3) Serious bodily or mental harm does not necessarily have to be permanent or
irremediable
Intent
1) Genocide also requires the special intent: the intent to destroy the group, in whole or in part
2) Intent may be inferred, and does not have to be based on express statements
Ethnic cleansing
1) It is carried out in the name of misguided nationalism, historic
grievances and a powerful driving force for revenge.
2) Ethic cleansing has been carried out through murder, torture,
arbitrary arrest, detention, extrajudicial executions, rape
Second degree genocide
1) Mental element is missing (unintentional genocide)
2) Committed typically under conditions of war
First degree genocide
1) Includes three requirements- mental element , material element and destruction of a
human group.
2) Also known as absolute genocide or intentional genocide
3) Ethnic cleansing constitute intentional genocide
4) Example Rwandan genocide.
Third degree genocide.
1) Lacks both mental and material elements
2) Occurs as a by-product of reckless or negligent policies
3) Outcome of mass-death inducing acts and policies lacking intent & knowledge and direct genocidal acts
4) Can be called genocidal mass death
Ideological genocide/politicides
1) Aim at achieving utopia
2) Divided into progressive and reactionary
Progressive
1) Head towards a classless society in the totalitarian Marxist-Leninist tradition, most commonly, to secure results of a revolution
- E.g. Pol Pot’s Khmer Rouge regime
Reactionary
1) Strive for a “racially pure” nation-state or establishing capitalist economic regime at any cost
2) E.g. killing of Jews by the Nazi empire in Germany
Pragmatic genocide
- Three types:
1) Developmental
2)Retributive
3) Hegemonic
Pragmatic genocide
1) Developmental genocide is a situation in which political leadership
aims to eliminate “backward” people and their cultures.

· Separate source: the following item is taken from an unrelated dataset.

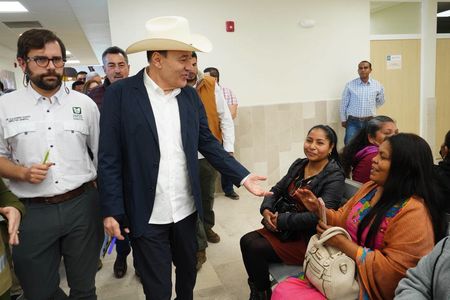 Cumplen Durazo y Sheinbaum compromiso pendiente desde 2014; iniciarán nuevo hospital en Ures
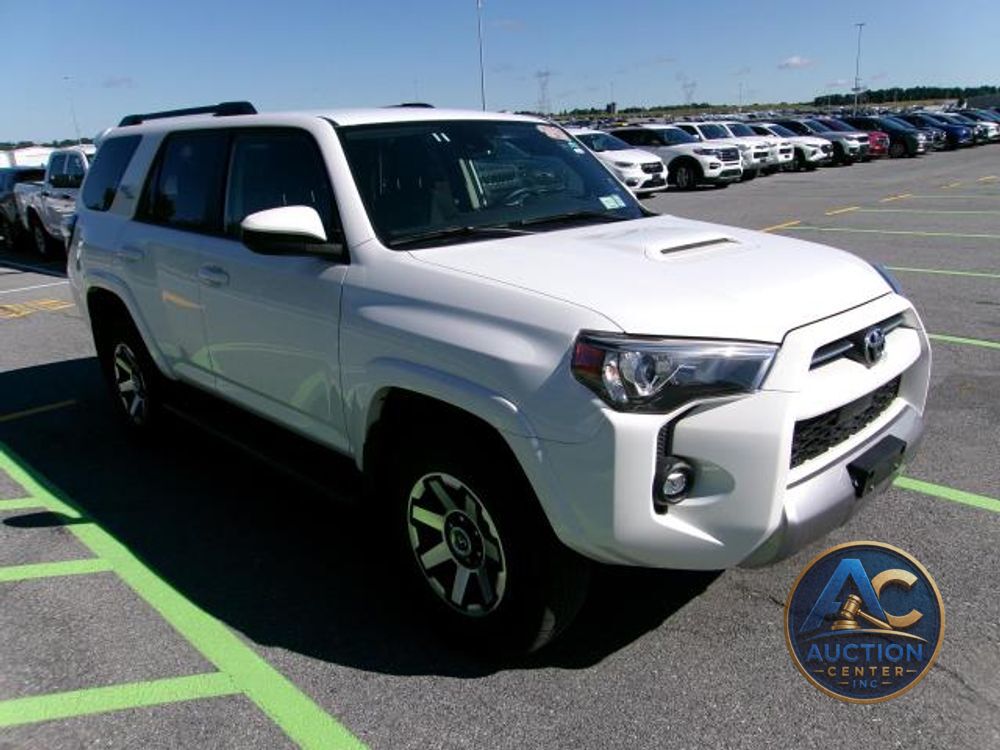 2024 Toyota 4Runner TRD Off Road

2.1) When an ethnic minority or politically oppressed group seeks revenge of past injustice, the genocide is said to be retributive.
2.2) Retributive genocide is demonstrated by the Rwandan genocide in April-July 1994.
3) Hegemonic – seizing and maintaining political power
Factors leading to genocide:
1) Ethnicity, nationality, religion.
2) Economic dependency, destitution.;
3) Limited physical resources.
4) Usurpation of political power, marginalization.
5) Quelling of insurgencies or threat of coup d’etat.
6) Earlier genocide.
7) Colonial and alien administrative systems.
8) Artificial national and subnational boundaries.